仕方ないから、ソファーに座って待つことにする。
けれども徹夜したのが祟ったのか、暖かい部屋の中でいつのまにやらまどろんでいた。
ばさと音がして何かが頭に当たる衝撃。
鼻へ届いた香りに骸は目を開ける。
ばらばらと頭から落ちてきたのは・・・花?
「これは・・・?」
「人の部屋で寝ないでくれる?」
冷えた声が後ろから響き、骸は花を片手に振り返る。
腕組みをして不機嫌絶好調な顔の雲雀がそこにいた。
「恭弥君・・・!」
「出てけ」
ぴしゃりと命じられて、骸は自分の周囲にばらまかれた花を一本ずつ拾い、雲雀の顔を見やる。
「これはあなたが?」
「どうでもいいでしょ」
否定しないところを見るとそうらしい。
黙々と花を全て集めてから、骸は無言で部屋を出る。
もちろん次に向かうのは図書館だ。
花はおそらく撫子。
それはわかったけれども、いったい雲雀がどんな意図でこの花を投げつけてきたのかは気になった。

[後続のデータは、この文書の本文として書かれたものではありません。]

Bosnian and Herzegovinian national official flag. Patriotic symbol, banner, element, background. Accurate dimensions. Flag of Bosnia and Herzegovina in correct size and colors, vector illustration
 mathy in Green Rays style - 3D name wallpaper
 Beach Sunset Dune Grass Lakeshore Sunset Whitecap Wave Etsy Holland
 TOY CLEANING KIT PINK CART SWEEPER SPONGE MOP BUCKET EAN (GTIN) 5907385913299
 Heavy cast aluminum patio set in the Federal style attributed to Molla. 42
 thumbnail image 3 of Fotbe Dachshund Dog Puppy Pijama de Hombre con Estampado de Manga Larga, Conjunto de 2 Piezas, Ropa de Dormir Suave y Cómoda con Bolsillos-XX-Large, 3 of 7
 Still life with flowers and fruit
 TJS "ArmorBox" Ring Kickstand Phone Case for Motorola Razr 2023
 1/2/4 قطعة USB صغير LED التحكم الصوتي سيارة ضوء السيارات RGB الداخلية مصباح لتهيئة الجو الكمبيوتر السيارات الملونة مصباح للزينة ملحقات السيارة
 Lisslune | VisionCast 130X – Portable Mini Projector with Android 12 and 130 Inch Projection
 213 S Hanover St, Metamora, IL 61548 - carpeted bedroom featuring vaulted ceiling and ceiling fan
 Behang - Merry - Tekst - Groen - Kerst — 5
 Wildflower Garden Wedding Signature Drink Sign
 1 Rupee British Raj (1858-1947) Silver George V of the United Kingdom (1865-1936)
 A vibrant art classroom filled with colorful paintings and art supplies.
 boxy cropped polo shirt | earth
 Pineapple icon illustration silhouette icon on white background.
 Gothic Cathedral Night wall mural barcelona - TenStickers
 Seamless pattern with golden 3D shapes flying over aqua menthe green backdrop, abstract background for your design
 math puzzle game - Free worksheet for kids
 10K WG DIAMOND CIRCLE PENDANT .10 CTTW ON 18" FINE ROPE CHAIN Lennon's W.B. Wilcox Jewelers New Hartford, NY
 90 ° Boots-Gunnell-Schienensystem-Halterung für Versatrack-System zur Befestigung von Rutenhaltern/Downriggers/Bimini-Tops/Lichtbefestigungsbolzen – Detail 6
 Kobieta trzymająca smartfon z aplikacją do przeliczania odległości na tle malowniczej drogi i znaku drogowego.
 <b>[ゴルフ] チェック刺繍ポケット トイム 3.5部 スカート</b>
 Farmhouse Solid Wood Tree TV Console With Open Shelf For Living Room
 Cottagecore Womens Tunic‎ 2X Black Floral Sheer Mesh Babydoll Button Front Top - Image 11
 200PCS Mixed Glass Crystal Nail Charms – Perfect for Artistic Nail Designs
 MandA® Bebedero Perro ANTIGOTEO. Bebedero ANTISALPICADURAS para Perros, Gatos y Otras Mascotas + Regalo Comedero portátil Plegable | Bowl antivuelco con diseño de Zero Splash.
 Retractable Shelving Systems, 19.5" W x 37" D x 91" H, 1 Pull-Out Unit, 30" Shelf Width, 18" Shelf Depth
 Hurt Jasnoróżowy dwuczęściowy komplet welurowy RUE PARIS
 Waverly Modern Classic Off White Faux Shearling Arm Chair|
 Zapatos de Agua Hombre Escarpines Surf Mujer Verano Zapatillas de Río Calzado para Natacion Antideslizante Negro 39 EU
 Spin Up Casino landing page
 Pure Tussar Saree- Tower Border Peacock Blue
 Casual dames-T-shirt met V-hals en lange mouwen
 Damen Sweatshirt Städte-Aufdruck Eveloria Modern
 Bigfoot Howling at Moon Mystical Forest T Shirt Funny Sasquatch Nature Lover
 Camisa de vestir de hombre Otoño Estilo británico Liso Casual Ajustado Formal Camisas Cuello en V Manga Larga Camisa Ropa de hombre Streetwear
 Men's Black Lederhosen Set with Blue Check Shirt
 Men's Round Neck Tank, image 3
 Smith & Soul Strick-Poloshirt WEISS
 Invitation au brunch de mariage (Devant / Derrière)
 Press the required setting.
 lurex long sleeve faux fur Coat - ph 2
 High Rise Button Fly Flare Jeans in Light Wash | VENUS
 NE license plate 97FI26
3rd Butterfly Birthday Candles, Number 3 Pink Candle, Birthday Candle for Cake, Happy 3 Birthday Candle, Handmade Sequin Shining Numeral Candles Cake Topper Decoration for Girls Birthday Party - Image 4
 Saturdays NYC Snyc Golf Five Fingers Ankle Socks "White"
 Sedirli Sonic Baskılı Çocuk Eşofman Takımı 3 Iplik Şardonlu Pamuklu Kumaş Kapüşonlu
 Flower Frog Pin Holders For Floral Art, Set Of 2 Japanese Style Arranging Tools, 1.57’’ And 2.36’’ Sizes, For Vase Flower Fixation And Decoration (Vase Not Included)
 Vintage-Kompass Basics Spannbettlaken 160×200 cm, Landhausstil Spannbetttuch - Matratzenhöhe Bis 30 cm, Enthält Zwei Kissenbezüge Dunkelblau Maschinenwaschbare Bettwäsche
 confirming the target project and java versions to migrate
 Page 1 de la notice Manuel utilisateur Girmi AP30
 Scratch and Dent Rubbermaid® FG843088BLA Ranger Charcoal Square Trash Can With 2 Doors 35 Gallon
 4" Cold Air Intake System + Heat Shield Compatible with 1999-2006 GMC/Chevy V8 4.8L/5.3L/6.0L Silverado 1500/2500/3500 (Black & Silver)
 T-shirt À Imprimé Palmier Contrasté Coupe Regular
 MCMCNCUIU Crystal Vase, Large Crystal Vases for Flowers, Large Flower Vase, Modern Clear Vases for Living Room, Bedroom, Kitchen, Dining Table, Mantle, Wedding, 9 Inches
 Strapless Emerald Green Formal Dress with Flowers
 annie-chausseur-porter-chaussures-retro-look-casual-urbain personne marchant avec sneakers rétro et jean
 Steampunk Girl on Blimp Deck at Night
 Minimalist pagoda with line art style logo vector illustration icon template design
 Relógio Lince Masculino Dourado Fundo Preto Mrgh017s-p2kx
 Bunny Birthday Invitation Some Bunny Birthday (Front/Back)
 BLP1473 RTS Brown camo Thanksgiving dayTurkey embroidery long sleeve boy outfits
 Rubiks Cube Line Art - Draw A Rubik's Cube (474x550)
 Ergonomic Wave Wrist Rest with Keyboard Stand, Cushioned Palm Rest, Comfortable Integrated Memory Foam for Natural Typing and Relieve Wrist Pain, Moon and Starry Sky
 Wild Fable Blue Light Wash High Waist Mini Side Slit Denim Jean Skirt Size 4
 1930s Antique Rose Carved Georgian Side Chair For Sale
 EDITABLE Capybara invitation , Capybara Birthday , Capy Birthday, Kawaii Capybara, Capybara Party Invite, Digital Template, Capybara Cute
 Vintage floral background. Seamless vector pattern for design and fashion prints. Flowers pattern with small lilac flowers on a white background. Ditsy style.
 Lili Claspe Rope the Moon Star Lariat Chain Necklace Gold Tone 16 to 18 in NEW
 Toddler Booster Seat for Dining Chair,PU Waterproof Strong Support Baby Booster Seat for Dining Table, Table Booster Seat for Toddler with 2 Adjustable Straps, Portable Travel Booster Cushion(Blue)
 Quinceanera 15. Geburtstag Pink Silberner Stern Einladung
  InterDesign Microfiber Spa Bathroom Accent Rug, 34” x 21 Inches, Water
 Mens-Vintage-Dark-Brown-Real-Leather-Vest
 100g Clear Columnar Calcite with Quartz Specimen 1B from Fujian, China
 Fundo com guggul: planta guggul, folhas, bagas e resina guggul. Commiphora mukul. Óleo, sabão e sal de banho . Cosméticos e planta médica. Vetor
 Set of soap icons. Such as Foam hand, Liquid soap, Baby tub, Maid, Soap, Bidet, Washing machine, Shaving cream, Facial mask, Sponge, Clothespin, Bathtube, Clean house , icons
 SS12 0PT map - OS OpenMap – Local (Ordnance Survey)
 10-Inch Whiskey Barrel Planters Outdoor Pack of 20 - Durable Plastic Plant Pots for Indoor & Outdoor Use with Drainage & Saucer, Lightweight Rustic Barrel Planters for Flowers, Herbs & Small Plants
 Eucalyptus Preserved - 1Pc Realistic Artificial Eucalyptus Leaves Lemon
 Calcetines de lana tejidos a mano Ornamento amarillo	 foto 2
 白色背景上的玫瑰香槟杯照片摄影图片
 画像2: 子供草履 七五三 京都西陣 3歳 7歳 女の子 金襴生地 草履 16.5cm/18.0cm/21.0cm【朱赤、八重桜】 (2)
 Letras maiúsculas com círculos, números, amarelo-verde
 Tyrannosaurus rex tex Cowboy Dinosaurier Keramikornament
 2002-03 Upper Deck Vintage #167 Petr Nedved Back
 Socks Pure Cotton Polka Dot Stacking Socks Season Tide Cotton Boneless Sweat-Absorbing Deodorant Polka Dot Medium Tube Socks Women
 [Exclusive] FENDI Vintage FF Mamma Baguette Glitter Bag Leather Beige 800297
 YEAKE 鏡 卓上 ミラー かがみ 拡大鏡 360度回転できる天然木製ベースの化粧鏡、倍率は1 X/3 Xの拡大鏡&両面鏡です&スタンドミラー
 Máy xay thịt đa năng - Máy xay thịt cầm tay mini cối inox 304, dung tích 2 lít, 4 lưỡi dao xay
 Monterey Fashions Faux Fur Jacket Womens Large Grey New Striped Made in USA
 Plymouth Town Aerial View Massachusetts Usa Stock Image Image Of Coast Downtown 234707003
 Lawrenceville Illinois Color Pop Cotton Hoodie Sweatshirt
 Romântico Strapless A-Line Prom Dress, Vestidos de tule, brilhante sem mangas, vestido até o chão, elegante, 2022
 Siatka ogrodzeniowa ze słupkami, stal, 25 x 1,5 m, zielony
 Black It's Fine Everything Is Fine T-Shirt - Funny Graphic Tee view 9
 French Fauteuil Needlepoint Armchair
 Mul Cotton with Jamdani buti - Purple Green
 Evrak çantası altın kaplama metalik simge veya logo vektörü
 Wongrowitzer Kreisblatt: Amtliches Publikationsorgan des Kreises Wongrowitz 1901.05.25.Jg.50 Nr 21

花束で買ってきて頭へたたきつけるとか、本当に彼女らしい行動だ。
「ええと、撫子・・・花言葉ですかね」
妥当そうな本を引っ張りだして花束片手に調べていた骸は、ある一文を読むと本をそのままにして最速で廊下へ飛び出した。
「恭弥君ッ!」
許可なしに応接間に駆け入って、骸は机に向かっていた雲雀に思いっきり抱きつく。
「恭弥君、大好きです、大好きです!」
「・・・」
無言で答えない雲雀の肩に顔をうずめて、ごめんなさい、と骸は呟いた。
「ずっといますから、君の傍にずっと」
何度も繰り返した言葉のあとに、ようやく小さな声で答えが返ってきた。
「・・・・・・そう」
「はい、約束です。絶対に離れません」
「・・・・・・そう」
静かに呟いた雲雀に、骸は誓った。
素直になれないあなたを、絶対に一人にしません、と。